__Activity__
Exactly as written, transcribe the data from its opening line through the line containing "Soft Active Cross-Back". Leave every picture out.

__Entries provided__
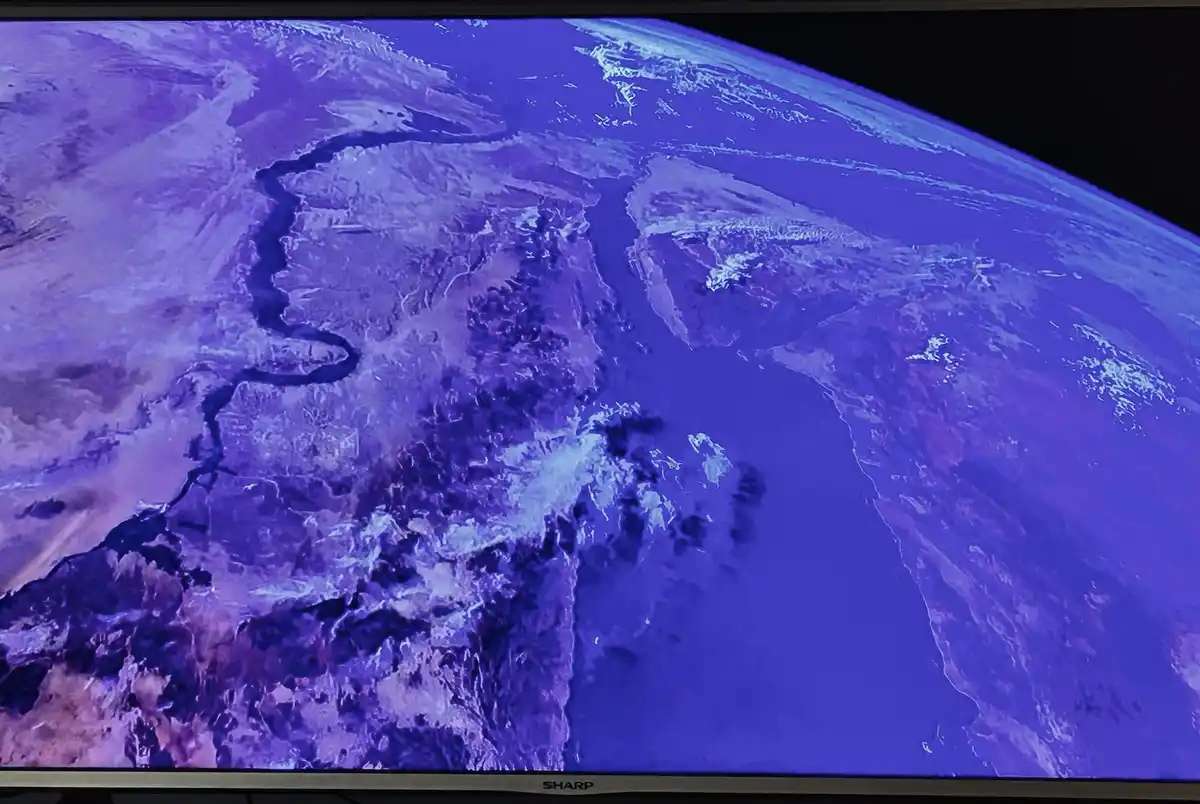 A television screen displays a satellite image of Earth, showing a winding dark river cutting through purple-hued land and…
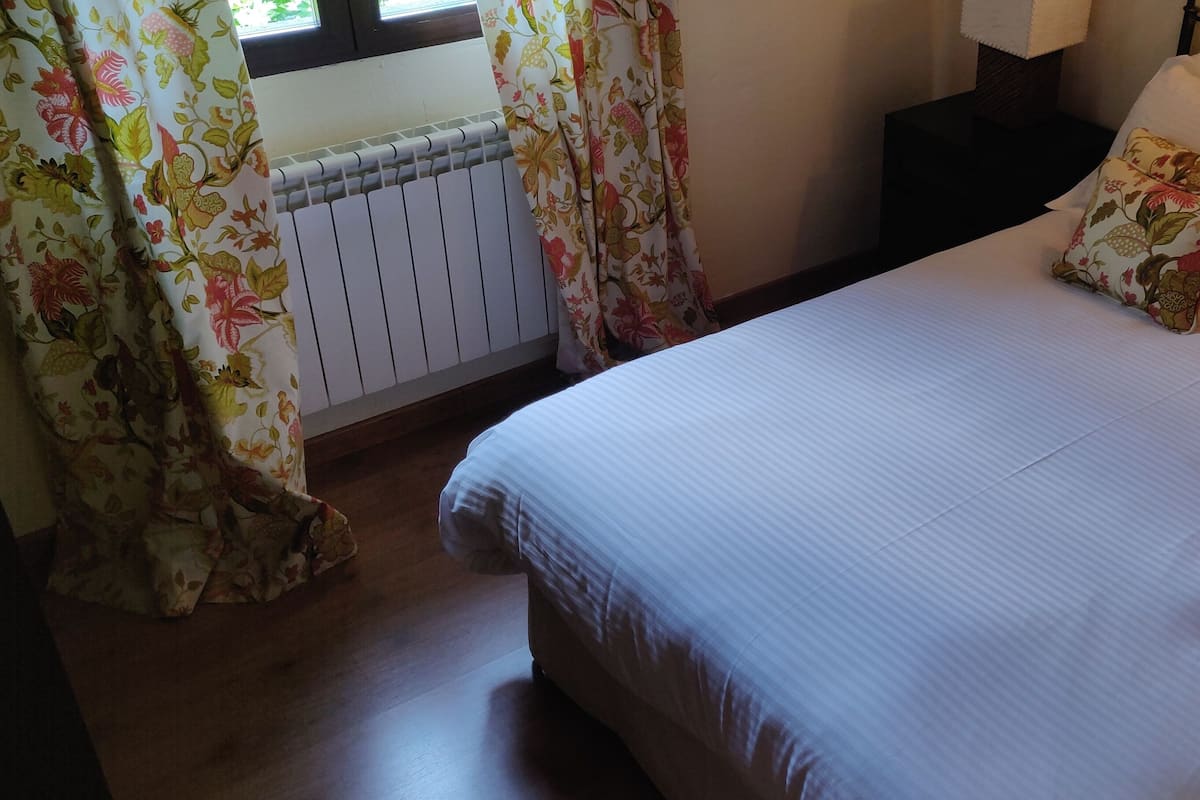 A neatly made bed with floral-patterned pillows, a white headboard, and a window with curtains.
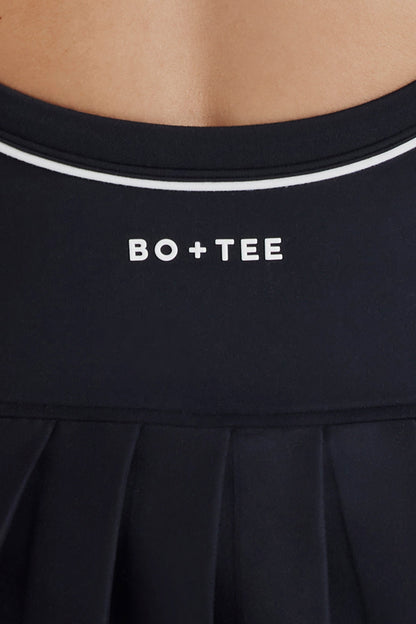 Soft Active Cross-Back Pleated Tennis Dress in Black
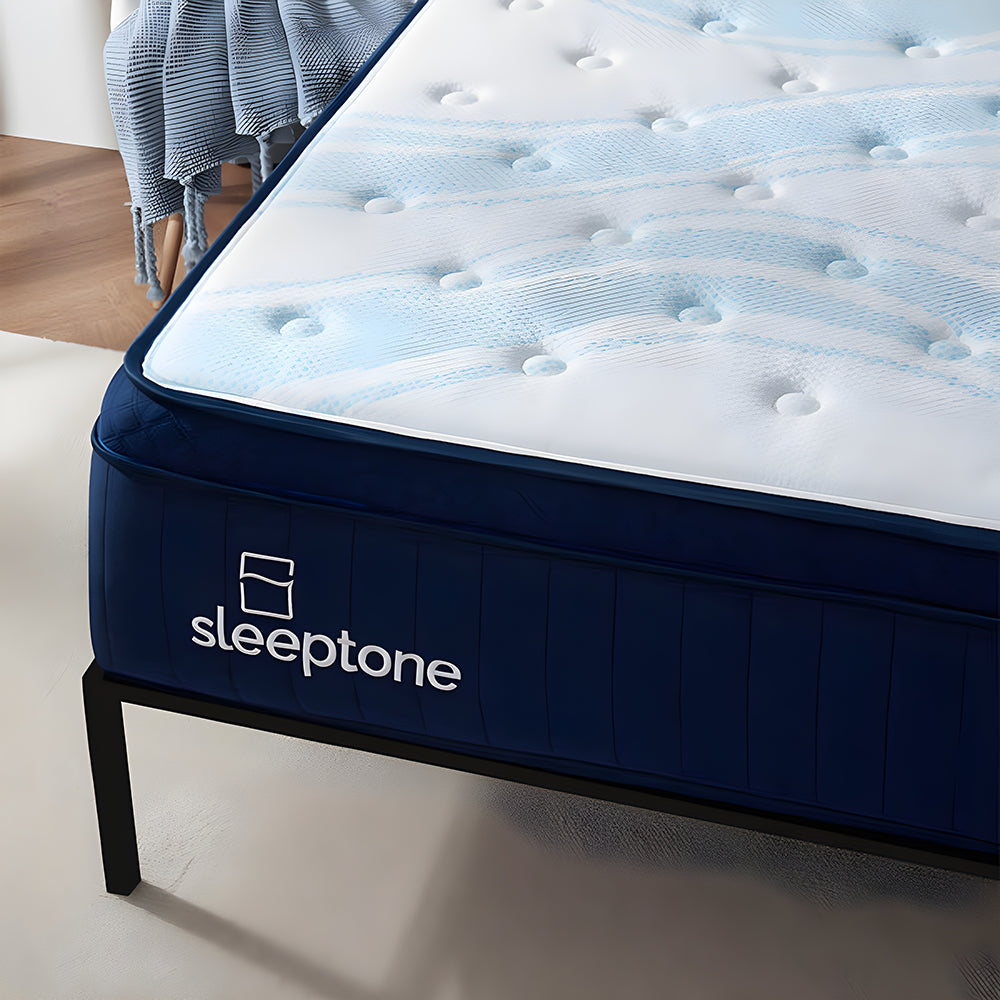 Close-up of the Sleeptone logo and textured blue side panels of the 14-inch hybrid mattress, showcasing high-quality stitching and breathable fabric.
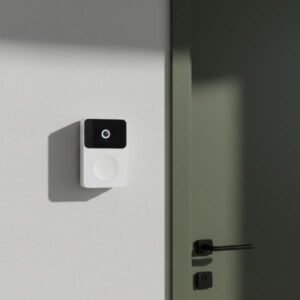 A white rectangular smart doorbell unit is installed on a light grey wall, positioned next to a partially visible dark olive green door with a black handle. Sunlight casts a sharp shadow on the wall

__Answer to this task__
 A television screen displays a satellite image of Earth, showing a winding dark river cutting through purple-hued land and…
 A neatly made bed with floral-patterned pillows, a white headboard, and a window with curtains.
 Soft Active Cross-Back Pleated Tennis Dress in Black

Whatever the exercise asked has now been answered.